April 18, 1893
This cup tie roused rather more than normal interest, as the two previous games each side had secured a victory. Fully 5,000 spectators assembled when John Miller started on behalf of Liverpool. A foul immediately resulted in Liverpool quarters, which being well taken by William Hughes was allowed to pass out by his own forwards – a grand chance lost.
Playing up strongly Bootle had rather the best of it, and a little indecision between Andrew Hannah and Duncan McLean almost cost them a tangible point. A nasty foul by Jimmy “Punch” McEwen caught the referee’s eye, and being steered straight for goal by Andrew Hannah, the home team had a good look in.
Fouls then became frequent, but nothing resulted, the defence of both sides coping in an efficient manner with all assaults. John Miller worked up a grand opportunity, but missed wretchedly when he had the goal at his mercy.
Half-time arrived with no score, the result being indicative of the play.
Upon resuming the game remained very even, and although Liverpool had the best of the midfield manoeuvres no side could claim any decided advantage.

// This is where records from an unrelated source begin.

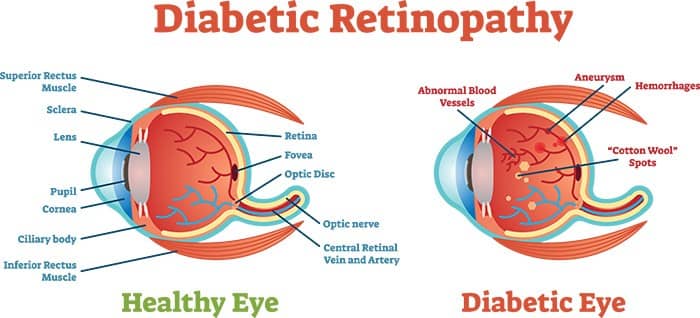 Diagram of Diabetic Retinopathy
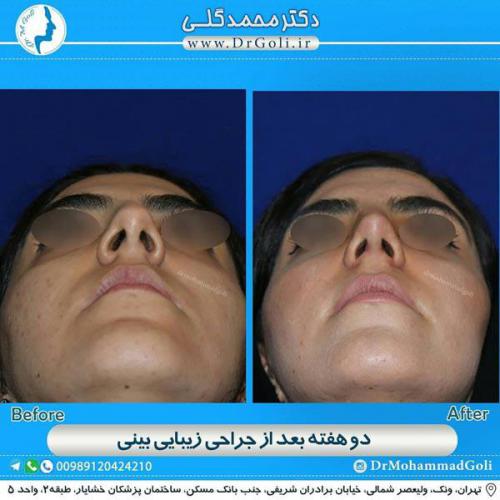 جراحی زیبایی بینی 344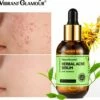 VIBRANT GLAMOUR Herbal Acne Serum - Acne - Puistjes - SerumAcne - Face Serum - Anti Acne Collageen - Gezichtsverzorging - Gezicht Serum -Essie winkel 550x503 3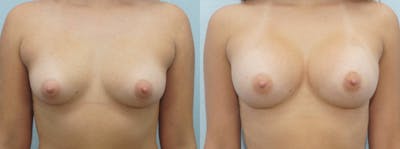 Breast Augmentation Before & After Gallery - Patient 48813585 - Image 1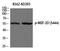 Myocyte Enhancer Factor 2D antibody, P01799, Boster Biological Technology, Western Blot image 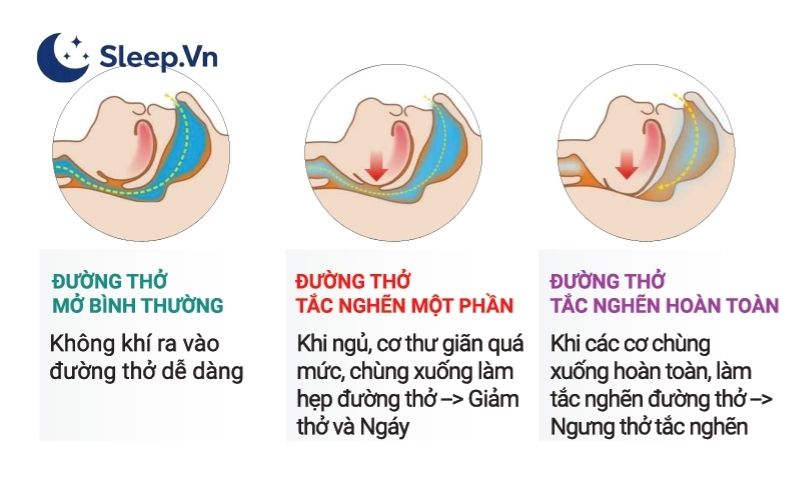 Ngưng thở khi ngủ là tình trạng đường thở bị tắc nghẽn tạm thời trong lúc ngủ
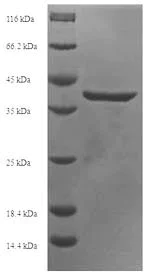 SDS-PAGE - Recombinant Human PHO1 protein (Tagged) (AB235615)
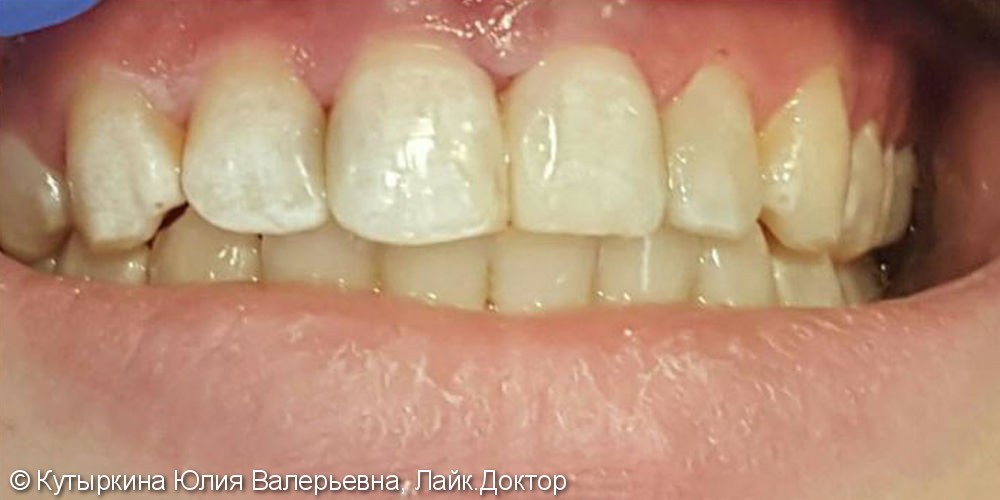 Лечение зубов в зоне улыбки, до и после - фото №2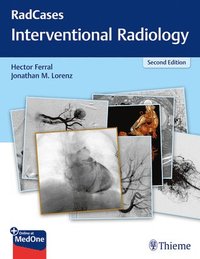 RadCases Q&A Interventional Radiology (häftad)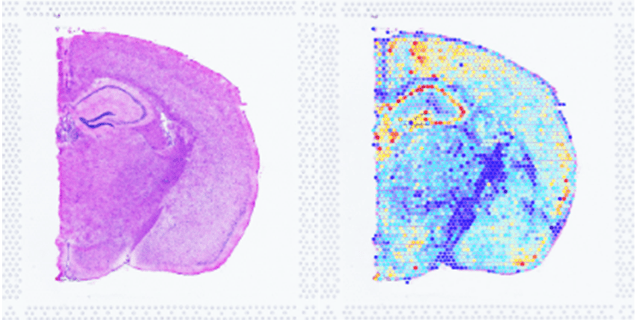 tissue section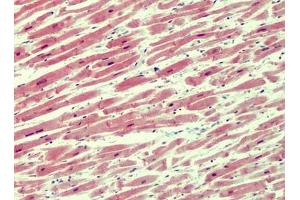 Human Heart: Formalin-Fixed, Paraffin-Embedded (FFPE) (IRAK4 anticorps  (N-Term))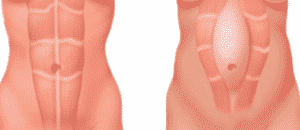 Diástase Abdominal – El Que es, Tratamiento, Ejercicios y Cirugía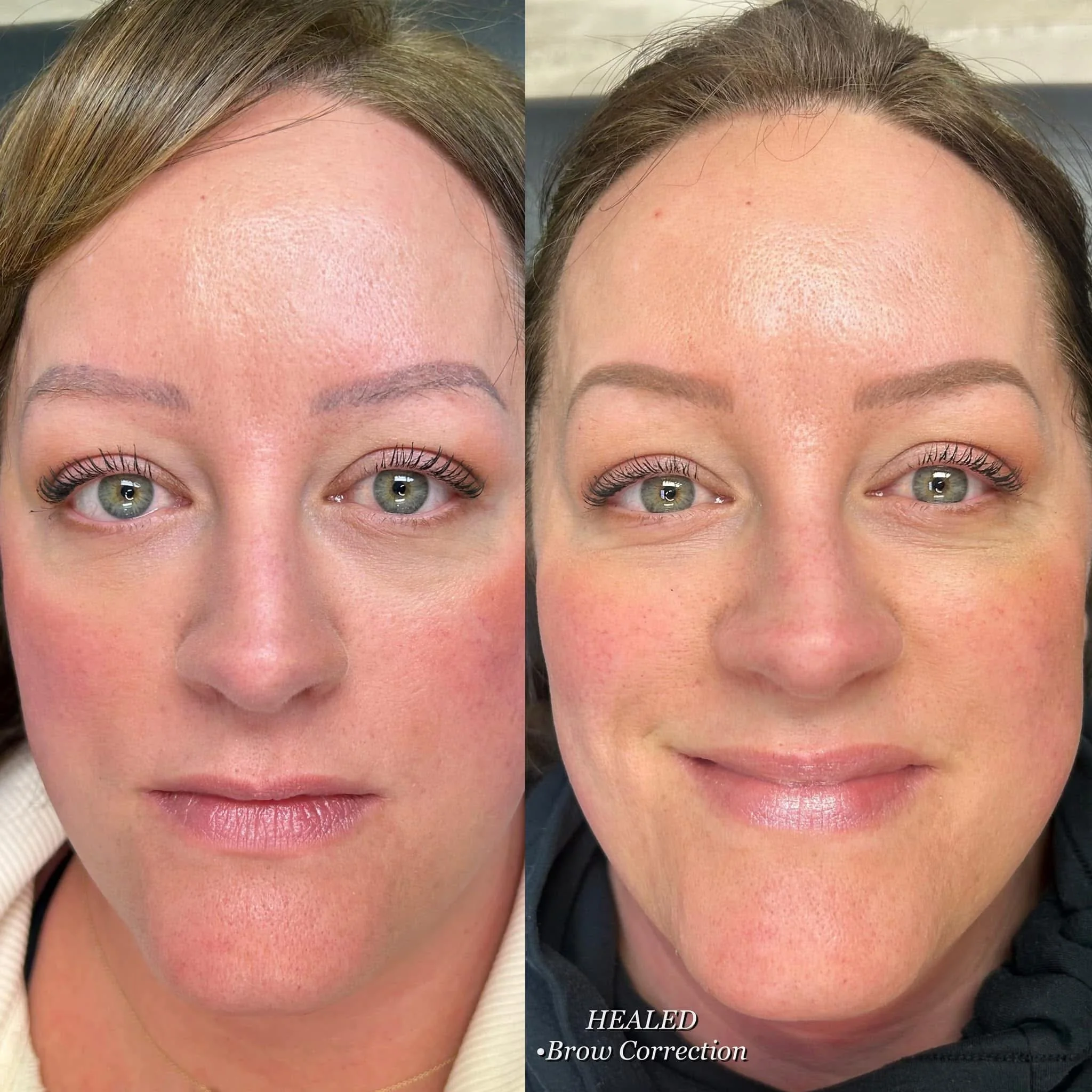 Service Menu Gallery Img ~ 8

Eventually a change became apparent, and when William Hughes had to kick out to save, then Liverpool held command for some time. After the McQueens (Matt McQueen and Hugh McQueen) had exhibited capital combination John Miller worked his way round Smart Arridge, and scored for the Anfielders, this success being greeted with wild applause.
Liverpool after this tried long shots which of course did not come off, and then Bootle pressed severely, but found Andrew Hannah and Duncan McLean in much better mood than at the commencement.
Malcolm McVean, receiving, from Joe McQue, led up a final attempt, but Hugh McQueen just missed when he had the goal at his mercy, and the whistle sounding for full-time, Liverpool retired victors by 1 goal to nil.